=== Begin Enclosure ===

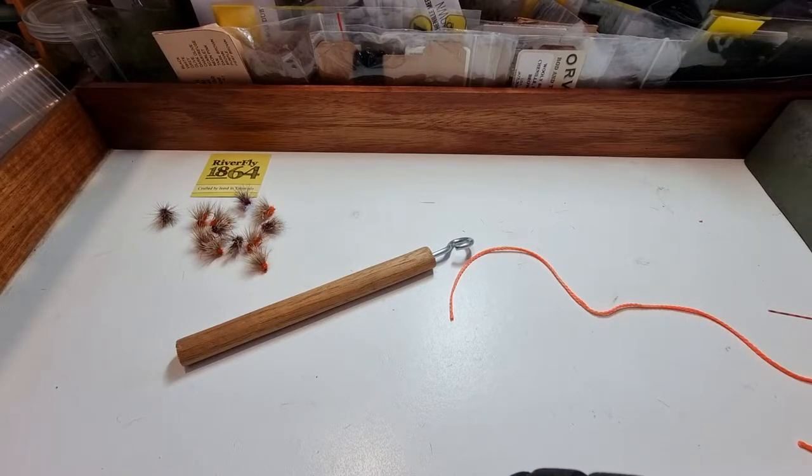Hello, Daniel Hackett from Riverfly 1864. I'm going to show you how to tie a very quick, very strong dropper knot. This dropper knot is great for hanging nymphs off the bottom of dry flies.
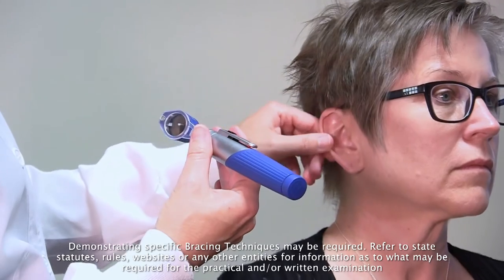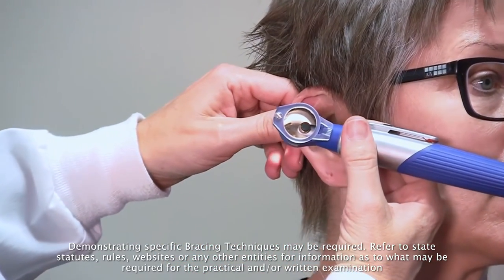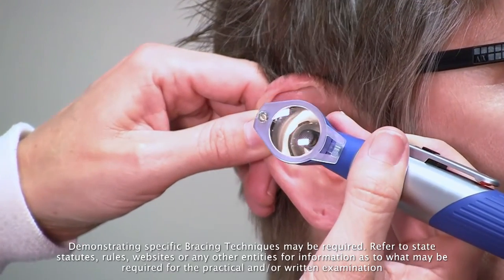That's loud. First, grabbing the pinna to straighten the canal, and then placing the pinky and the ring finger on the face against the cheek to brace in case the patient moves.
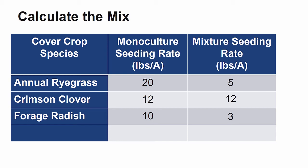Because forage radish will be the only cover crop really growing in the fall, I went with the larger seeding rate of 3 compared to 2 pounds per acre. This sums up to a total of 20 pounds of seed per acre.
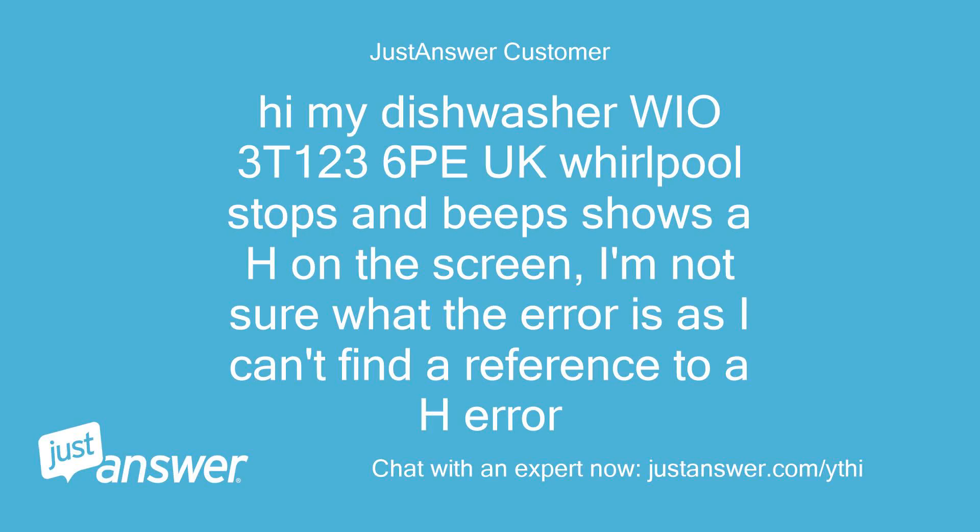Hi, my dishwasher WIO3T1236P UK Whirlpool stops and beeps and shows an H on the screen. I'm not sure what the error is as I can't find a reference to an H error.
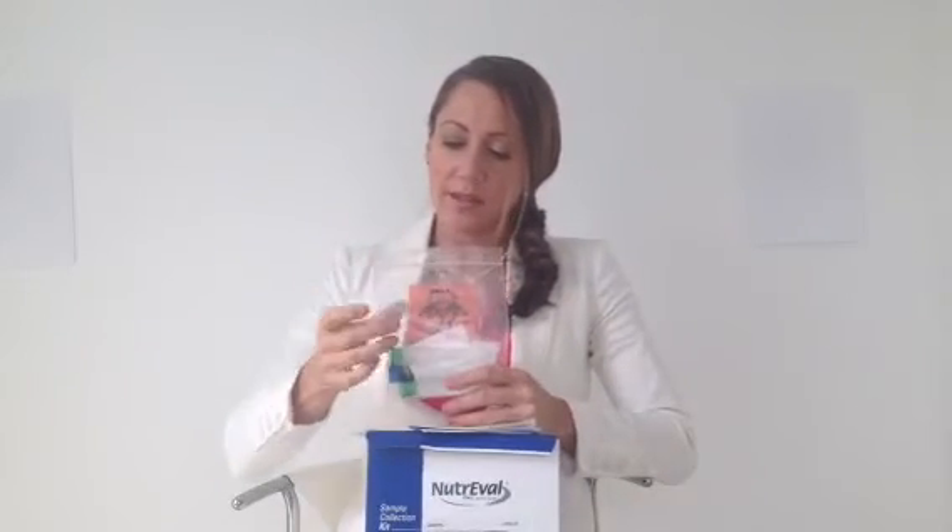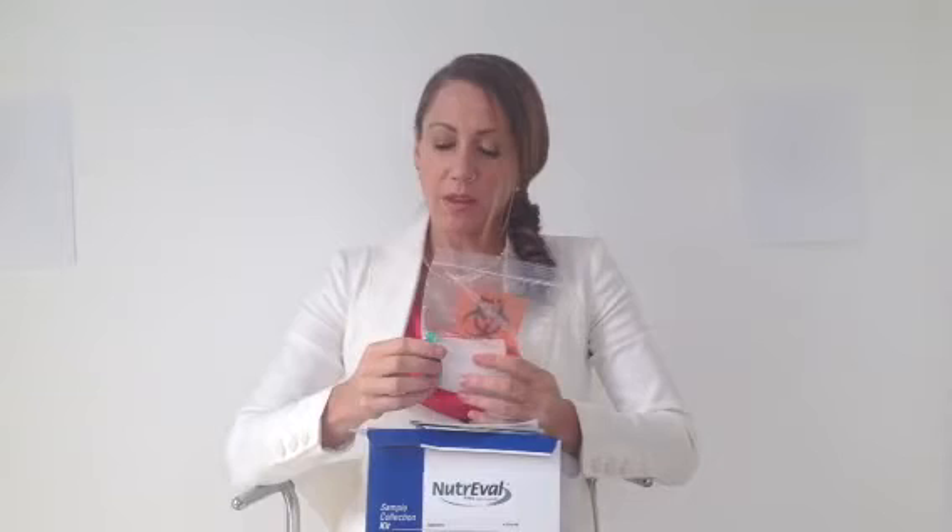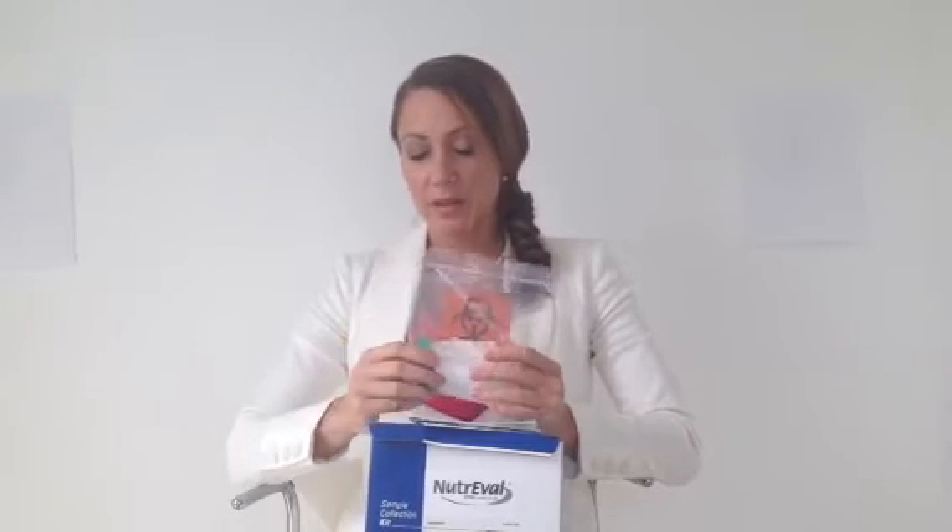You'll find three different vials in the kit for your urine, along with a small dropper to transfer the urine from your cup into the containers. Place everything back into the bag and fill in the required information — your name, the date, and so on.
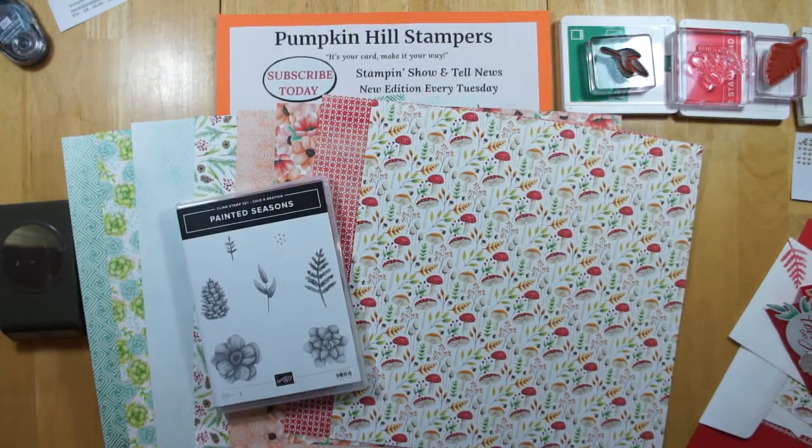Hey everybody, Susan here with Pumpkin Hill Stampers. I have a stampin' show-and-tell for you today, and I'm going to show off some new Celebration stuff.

=== End Enclosure ===
=== Begin Enclosure ===

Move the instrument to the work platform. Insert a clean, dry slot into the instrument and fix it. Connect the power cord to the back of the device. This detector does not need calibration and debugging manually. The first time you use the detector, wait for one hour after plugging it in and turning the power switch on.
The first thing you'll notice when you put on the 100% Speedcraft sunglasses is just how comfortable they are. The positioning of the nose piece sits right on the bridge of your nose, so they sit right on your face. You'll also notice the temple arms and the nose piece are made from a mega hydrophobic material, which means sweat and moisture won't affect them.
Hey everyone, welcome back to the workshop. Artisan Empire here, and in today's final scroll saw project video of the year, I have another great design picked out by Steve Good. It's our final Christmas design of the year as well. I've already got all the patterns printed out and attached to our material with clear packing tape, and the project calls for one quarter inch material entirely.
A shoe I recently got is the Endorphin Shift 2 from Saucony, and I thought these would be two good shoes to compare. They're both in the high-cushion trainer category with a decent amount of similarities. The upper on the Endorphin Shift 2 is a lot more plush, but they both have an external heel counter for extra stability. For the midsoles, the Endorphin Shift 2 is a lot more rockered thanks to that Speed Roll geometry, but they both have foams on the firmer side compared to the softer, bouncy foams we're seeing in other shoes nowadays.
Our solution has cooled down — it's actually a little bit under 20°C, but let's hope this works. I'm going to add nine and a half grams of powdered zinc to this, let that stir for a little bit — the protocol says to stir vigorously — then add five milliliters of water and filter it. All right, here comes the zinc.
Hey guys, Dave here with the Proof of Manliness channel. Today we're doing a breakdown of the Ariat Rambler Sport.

=== End Enclosure ===
=== Begin Enclosure ===

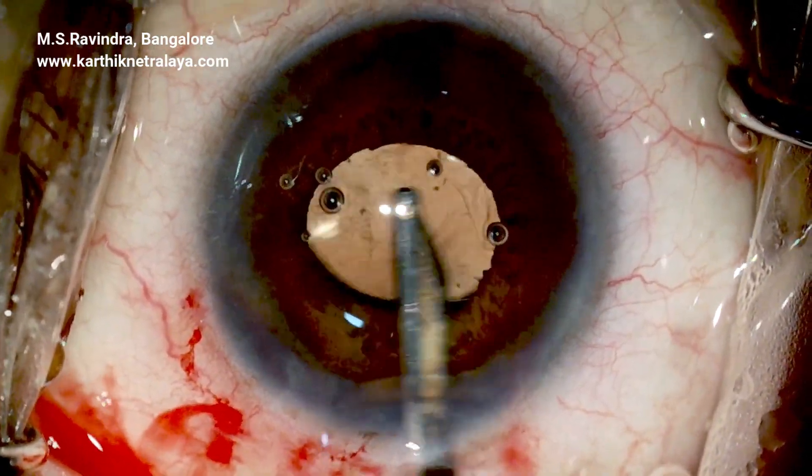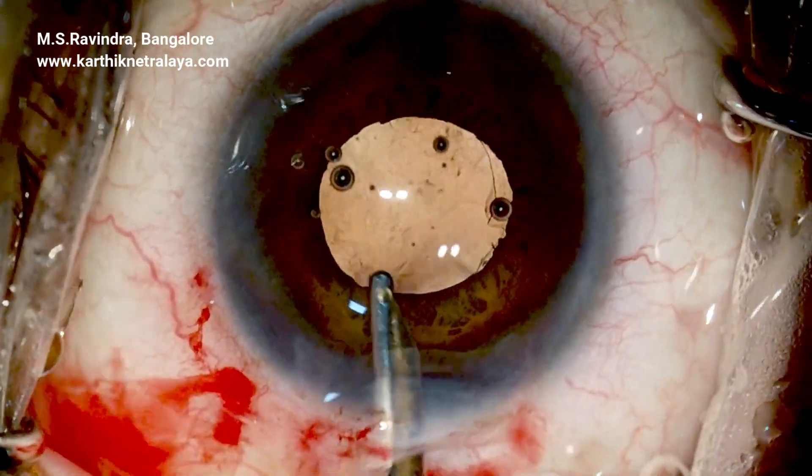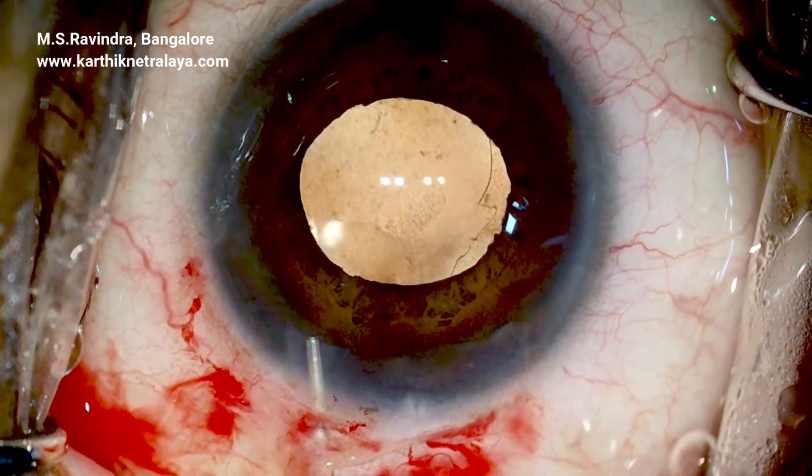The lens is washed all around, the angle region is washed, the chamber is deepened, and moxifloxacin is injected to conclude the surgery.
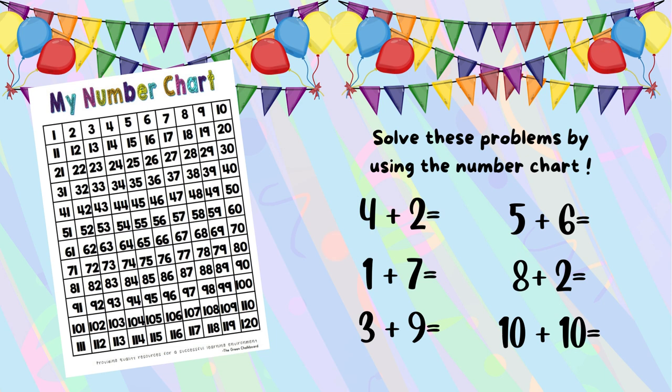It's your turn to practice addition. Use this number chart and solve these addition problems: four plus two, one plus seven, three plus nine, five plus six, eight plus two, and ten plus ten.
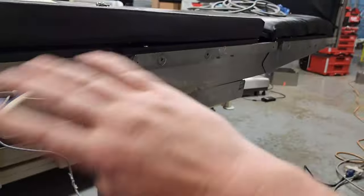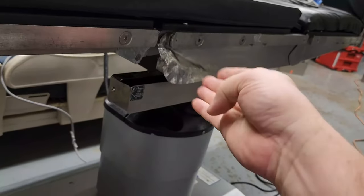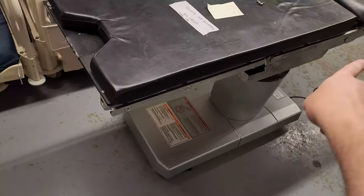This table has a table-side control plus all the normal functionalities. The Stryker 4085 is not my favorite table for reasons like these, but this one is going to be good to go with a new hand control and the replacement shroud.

=== End Enclosure ===

Would you output only the span of the records above that opens with the line containing "Hi, my dishwasher" and closes with the line containing "Hey everybody, Susan", ends included and pictures dropped?

Hi, my dishwasher WIO3T1236P UK Whirlpool stops and beeps and shows an H on the screen. I'm not sure what the error is as I can't find a reference to an H error.
You'll find three different vials in the kit for your urine, along with a small dropper to transfer the urine from your cup into the containers. Place everything back into the bag and fill in the required information — your name, the date, and so on.
Hey everybody, Susan here with Pumpkin Hill Stampers. I have a stampin' show-and-tell for you today, and I'm going to show off some new Celebration stuff.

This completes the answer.